[[ Data records, beginning ]]

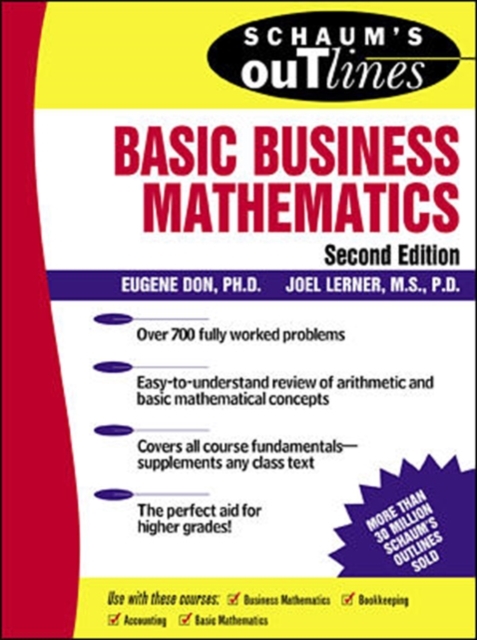 Schaum's Outline of Basic Business Mathematics, Paperback Book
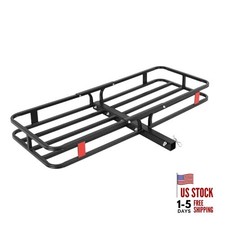 500 Lbs Capacity Cargo Baskets - Heavy-Duty Hitch Mount Cargo Carrier Basket,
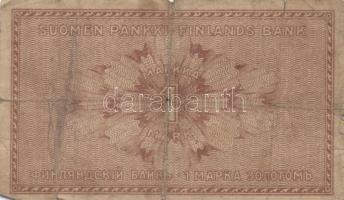 Vegyes bankjegy tétel, összesen 10db közte: Finnország 1916. 1M + Bulgária 1917. 5L T:III,III-
Mixed...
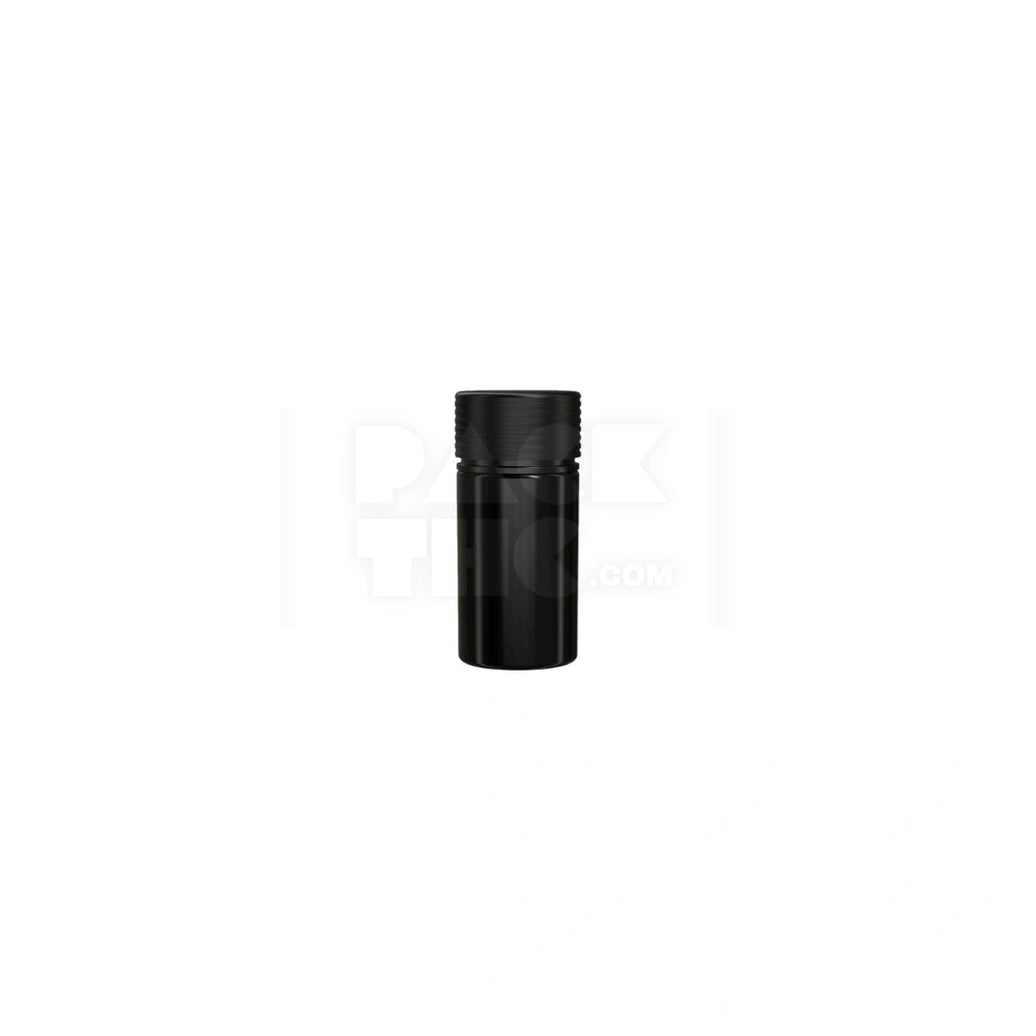 30ml closure black opaque count 30cc mini spiral thick wall
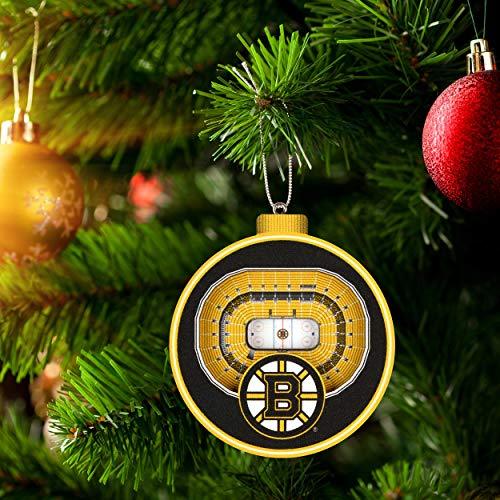 NHL Boston Bruins - TD Garden 3D StadiumView Ornament3D StadiumView Ornament, Team Colors, Large - 757 Sports Collectibles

[[ Data records, end ]]

• _Your goal_:
Your copy should run from the line that has "30ml closure black" through the last line above, exactly, with both ends in and pictures out.

• _Task solution_:
 30ml closure black opaque count 30cc mini spiral thick wall
 NHL Boston Bruins - TD Garden 3D StadiumView Ornament3D StadiumView Ornament, Team Colors, Large - 757 Sports Collectibles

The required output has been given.